Work item:
The answer is the line containing "More Photos Of" plus every line after it to the end of the material, retyped exactly and without the pictures.

Data block:

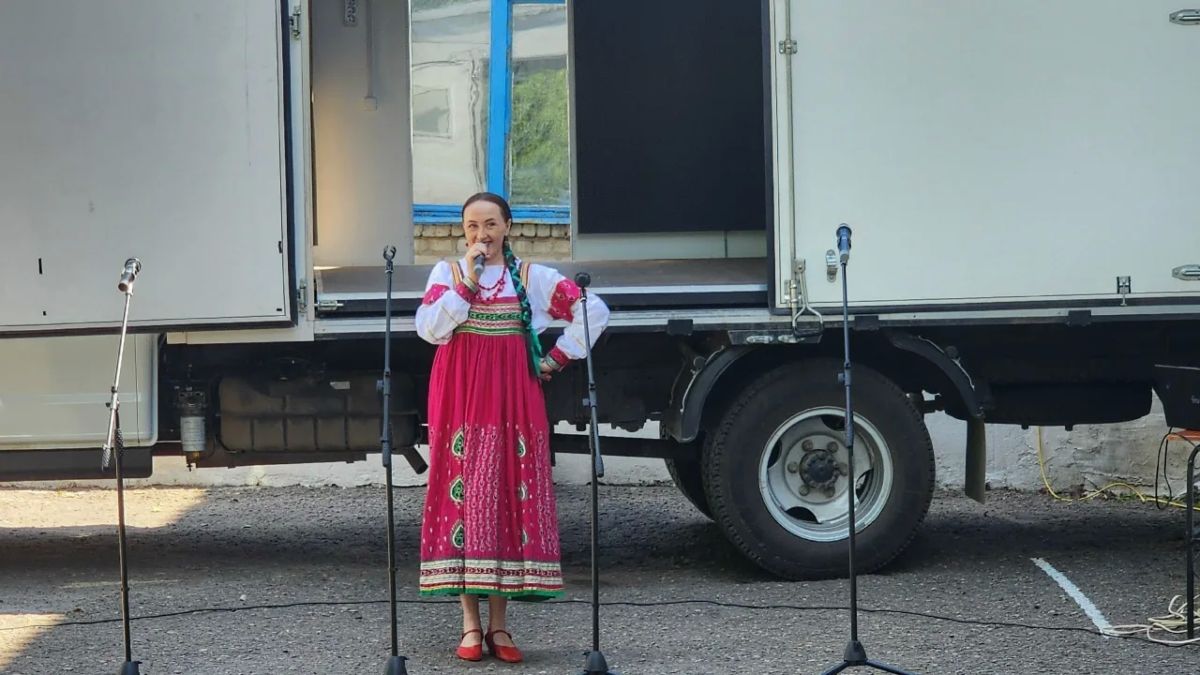 В селе Ореховка прошел концерт «С песней по жизни» В селе Ореховка прошел концерт «С песней по жизни»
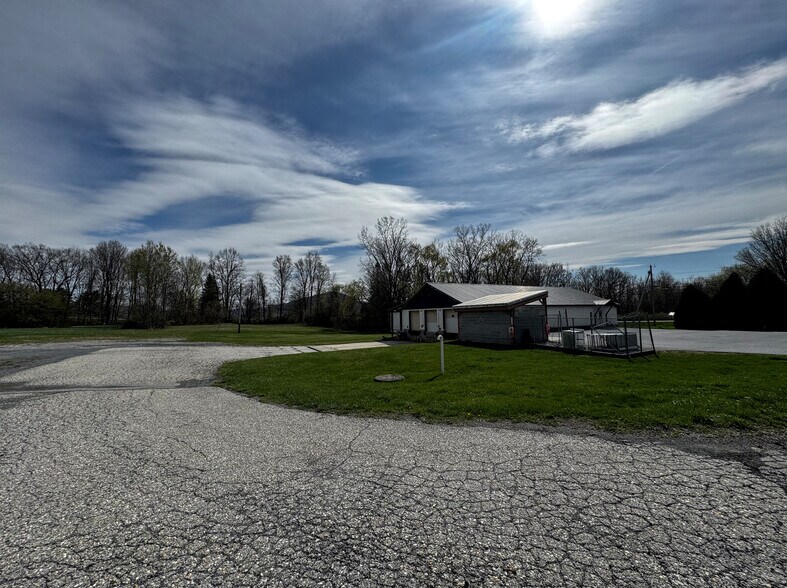 More Photos Of 33 Transport Dr, Bennington Freestanding For Sale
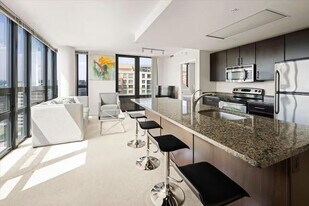 1405 S Fern St in Arlington, VA - Building Photo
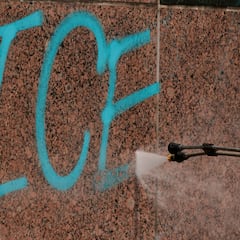 Un reportero del NYT graba las deportaciones de inmigrantes del ICE en Florida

Reply to the exercise:
 More Photos Of 33 Transport Dr, Bennington Freestanding For Sale
 1405 S Fern St in Arlington, VA - Building Photo
 Un reportero del NYT graba las deportaciones de inmigrantes del ICE en Florida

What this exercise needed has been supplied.